Loading...

XML

Word

Printable

Details

Type: Enhancement
Resolution: Done
Priority: Major
Fix Version/s: 5.4.0.Final
Affects Version/s: 5.3.0.Final
Component/s: Indexing
Labels:
None

Forum Reference:
https://developer.jboss.org/message/967732
Git Pull Request:
https://github.com/ModeShape/modeshape/pull/1627

Description

Using the lucene index provider and looking at performance, I was noticing that the query performance for VALUE indexes on simple string properties was not performing well. I threw together a small test application which inserts a 1000 nodes into a type with an index on a single string field populating the field with a unique sequence of values so that the cardinality should be really high. The test then does a 1000 searches using that field as the constraint with a random value. Test java code, modeshape config, and CND attached. The results were as followed (Modeshape 5.3.0, Windows 7 x64, Java 1.8.0_91) :

Inserted 1000 in 580 ms.
Searched 1000 nodes 1000 times in 57314 ms.
Deleted 1000 in 25 ms.

Throwing this under a profiler, all of the time is spent in IndexReader.document call within ConstantScoreWeightQuery.java. Looking at this code it seems that this query is basically doing a linear search of the index and forcing lucene to instantiate a full document for each entry.
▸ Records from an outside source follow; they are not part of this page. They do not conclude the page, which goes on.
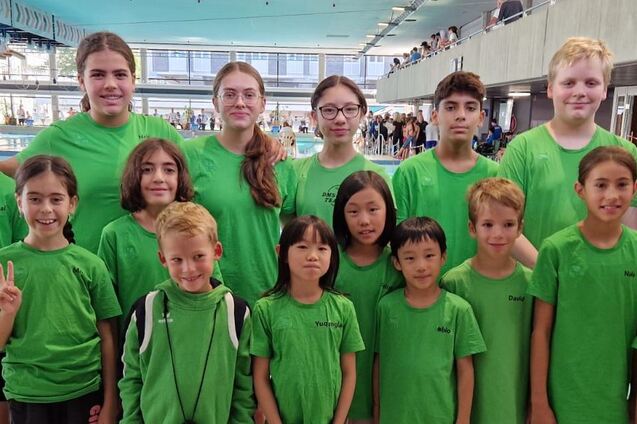 Gruppe von Schwimmern in gr&uuml;nen T-Shirts vor einem Schwimmbecken, l&auml;chelnd und posierend f&uuml;r ein Gruppenfoto.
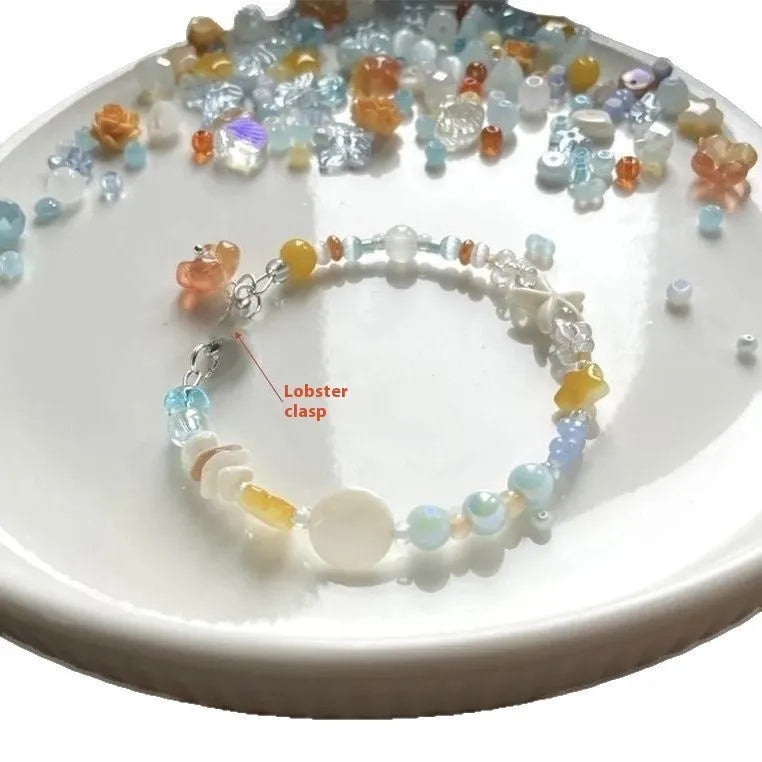 Water-soaked Bracelet Orange Sea Summer Dopamine Seaside showing diamond shapes and round elements on alloy band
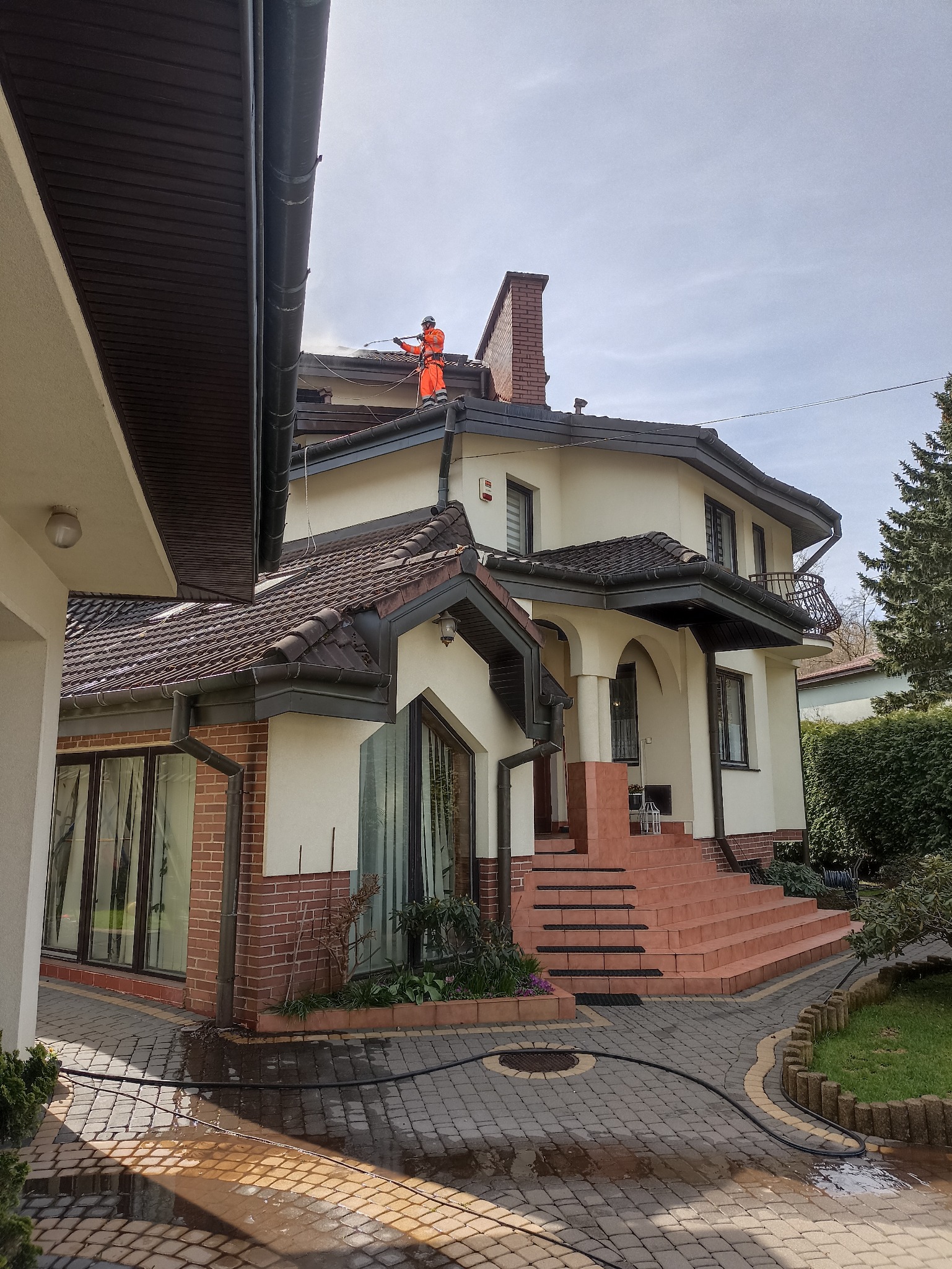 Pracownik w pomarańczowym kombinezonie myje dach domu z ceglanym kominem za pomocą myjki ciśnieniowej. Na kostce brukowej widać ślady wody.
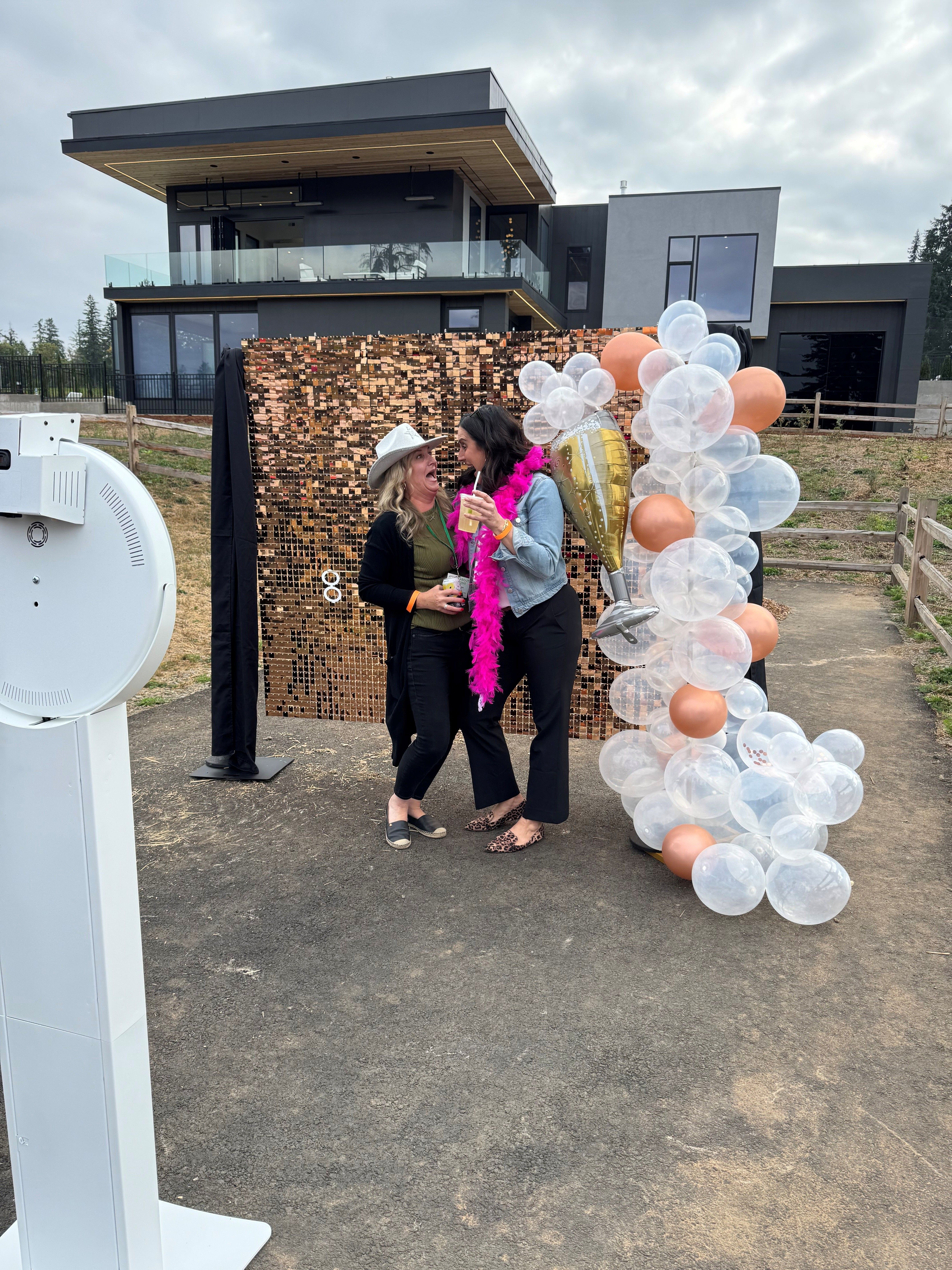 Two people laughing at an outdoor photo booth with a rose-gold sequin backdrop and clear-and-rose-gold balloon garland, one wearing a pink feather boa and holding drinks in front of a modern multi-level house at a casual backyard party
Following that logic and digging into the code, I changed the EQUAL_TO case in LuceneQueryFactory.stringFieldQuery from:
case EQUAL_TO:
return CompareStringQuery.createQueryForNodesWithFieldEqualTo(stringValue, field, factories, caseOperation);
to just using the build in Lucene TermQuery:
case EQUAL_TO:
return new TermQuery(new Term(field, stringValue));

The results running with this change are:
Inserted 1000 in 627 ms.
Searched 1000 nodes 1000 times in 1327 ms.
Deleted 1000 in 24 ms.

So a 40x improvement, which seems pretty good, and at least from other testing seems to provide correct results.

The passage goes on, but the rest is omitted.